熊本県立美術館は、その独特な建築デザインでも高く評価されています。2006年には日本建築家協会25年賞を受賞し、2017年にはDOCOMOMO JAPANによって「日本におけるモダン・ムーブメントの建築」に選定されました。このような評価は、美術館が単なる展示施設に留まらず、建築的にも重要な文化財であることを示しています。

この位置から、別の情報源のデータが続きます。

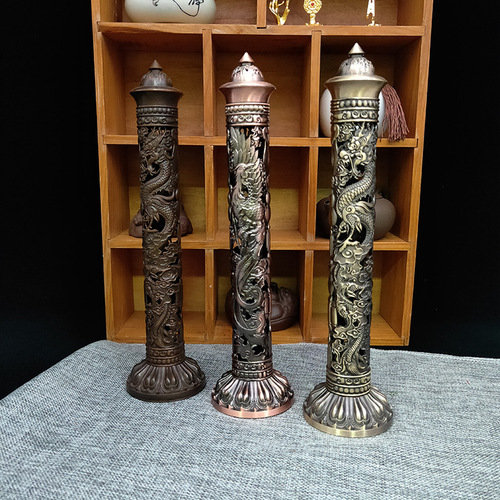Craft gifts copper incense burner dragon and phoenix relief incense burner pure copper vertical incense burner ornaments incense road Zen alloy incense burner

熊本県立美術館の分館(英: Kumamoto Prefectural Museum of Art Chibajo Branch)は、熊本城本丸東側の千葉城町に位置し、地上4階、地下1階建ての建物です。この分館は、旧熊本県立図書館を大幅に改築したもので、スペインの建築家による設計が採用され、天草の自然石を使用して熊本城の石垣と調和した外観が特徴です。1992年10月に開館し、以来多くの来館者に利用されています。
熊本県立美術館本館へのアクセスは、熊本城周遊バス「しろめぐりん」が便利です。バス停から美術館までは徒歩約200mです。また、熊本市電B系統を利用し、蔚山町電停から徒歩約700mで到着できます。
分館へのアクセスも、熊本城周遊バス「しろめぐりん」を利用することができます。分館前にバス停があり、徒歩すぐの場所に位置しています。また、熊本市電A系統・B系統の「熊本城・市役所前電停」から徒歩約500mの距離にあります。
熊本県立美術館は、地元の芸術文化を体感できる貴重な場所であり、幅広い展示内容とアクセスの良さから、多くの人々に親しまれています。特に、熊本城との歴史的な調和や美術教育活動に力を入れている点は、他の美術館とは一線を画す魅力です。